Shaw Vineyard Estate Isabella Riesling 2009 $28
Shaw vineyard, Murrumbateman, Canberra District, New South Wales
Almost two years after its release, Graeme Shaw’s delicious Isabella Riesling 2009 remains available at cellar door and on the wine list at Flint in the Vines – the restaurant adjoining the cellar door. This is where we reacquainted ourselves with Isabella, following the recent Murrumbateman field day. Cellar door manager Tanya Shaw, Graeme’s daughter, says it’s now their biggest seller – and little wonder. A couple of years’ bottle age adds another dimension to the mouth-watering lime-like flavour of this delightful wine. Made by Ken Helm and Graeme Shaw.

Pewsey Vale Riesling 2011 $16.15–$23
Pewsey Vale Vineyard, Eden Valley, South Australia
This gold medal winner at the recent International Wine Challenge, comes from the Hill-Smith family’s 50-hectare Pewsey Vale vineyard, located on the edge of the Eden Valley. Louisa Rose makes the wine just a few kilometres down the hill at the Yalumba Winery, Angaston, centre of the Hill-Smith wine operations. It’s a little softer than I’d expected from the cool vintage, but shows the season’s intense, delicate, citrusy flavours and bright fresh acidity. It’s a dry style and ready to drink now, but has the potential to evolve well in bottle for a decade or so.

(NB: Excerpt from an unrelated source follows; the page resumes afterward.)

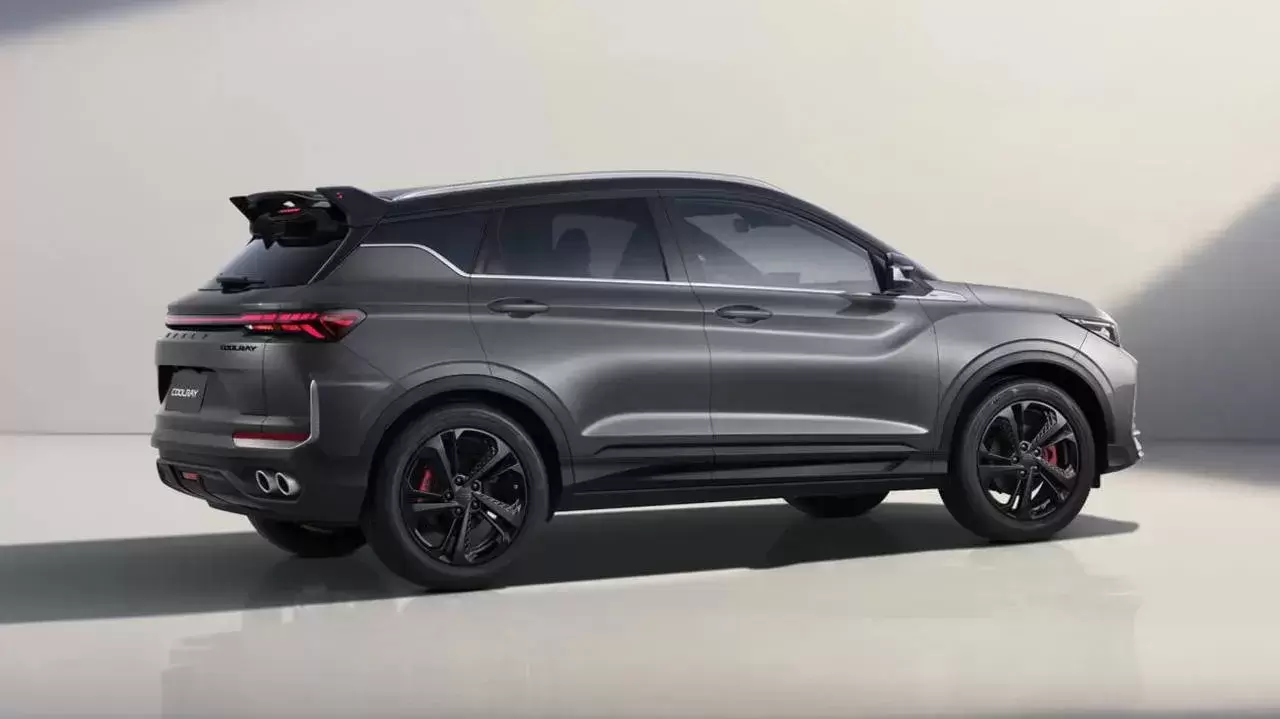 2026 Geely Coolray in the UAE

Skillogalee Riesling 2011 $21–$24
Skillogalee Vineyard, Clare Valley, South Australia
With a lower pH and higher acidity than the Pewsey Vale riesling, Skillogalee, from the estate’s highest slopes (around 500 metres), shows a certain austerity. But under the acidity lie rich, deep riesling flavours and structure. These will surely build with bottle age as the youthful acerbity falls away. That drying acidity makes Skillogalee a good aperitif or oyster wine in its youth. The food matching options will expand over time as the wine fills out and softens.

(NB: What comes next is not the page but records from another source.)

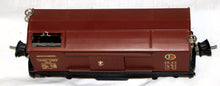 Load image into Gallery viewer, Lionel 3814 Operating Merchandise Boxcar COLOR DECAL version CLEAN Prewar O tuscan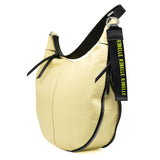 Τσάντα Hobo με Κλειδοθήκη - Κίτρινο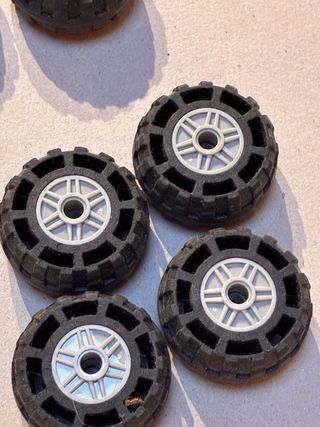 LEGO Racers Fold-Out Race Track Box 8 Ruote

Peter Lehmann Dry Riesling 2011 $15.20–$18
Eden Valley, South Australia
Winemaker Andrew Wigan says he sourced material for this wine from six Eden Valley vineyards, the fruit all picked early, processed separately and blended later. This is the softest and least acidic of the rieslings reviewed here today, though not lacking the vibrant natural acidity that gives life to the very delicate fruit flavours. A touch of residual sugar (about seven grams per litre) nicely fills out the palate without adding overt sweetness. Soft, fruity freshness makes this a versatile drinking style. Enjoy now or over the next three or four years.

Grosset Off-Dry Riesling 2011 $32
Watervale, Clare Valley, South Australia
Largely as a response to high acidity, German winemakers learned to arrest fermentation, leaving unfermented grape sugar in their rieslings. The sugar offset the acidity, leaving delicate, low-alcohol, fruity wines of great freshness. The cold 2011 vintage in Australia created the conditions for comparable, though more alcoholic, styles here. Jeffrey Grosset demonstrates the style well. High, minerally acidity and tangy, lime-like varietal flavour sit well with a kiss of grape sugar and leave a really clean, refreshing, lingering finish. Will flourish with bottle age.

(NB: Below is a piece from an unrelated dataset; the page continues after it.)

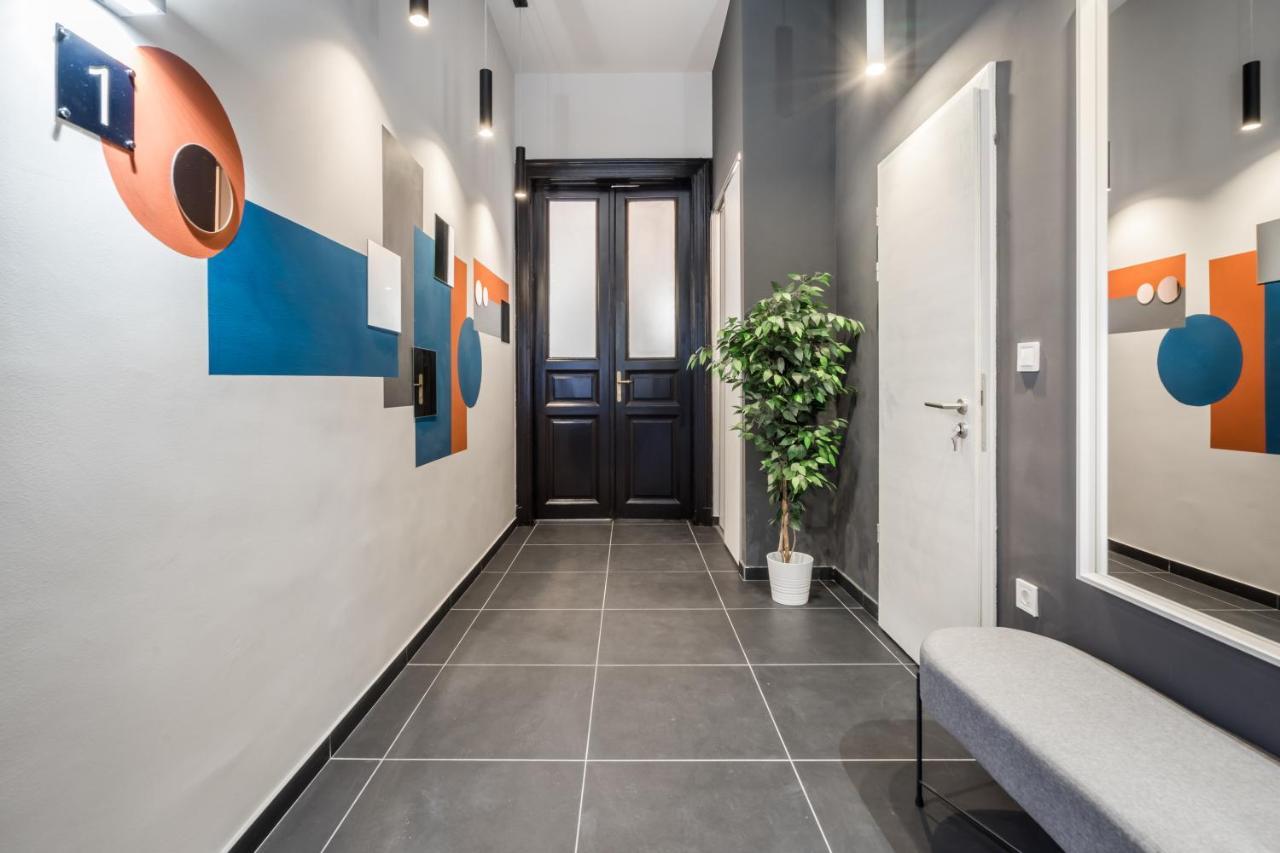 K33- Boutique Apartments, Best Location, By Bqa Budapest Eksteriør billede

Mount Horrocks Cordon Cut Riesling 375ml $35
Clare Valley, South Australia
For the first time ever, Stephanie Toole’s benchmark sticky shows the extra luscious intensity and acidity caused by botrytis cinerea. Normally the wine’s a pure, sweet riesling, made from berries that shrivel on the vine as a result of the canes being cut. In 2011 botrytis leant a hand to this shrivelling process, noticeably influencing the flavour and structure. This extra dimension and intensity more than compensate for the slight step away from the wine’s usual pure, lime-like varietal character. Will probably cellar for decades.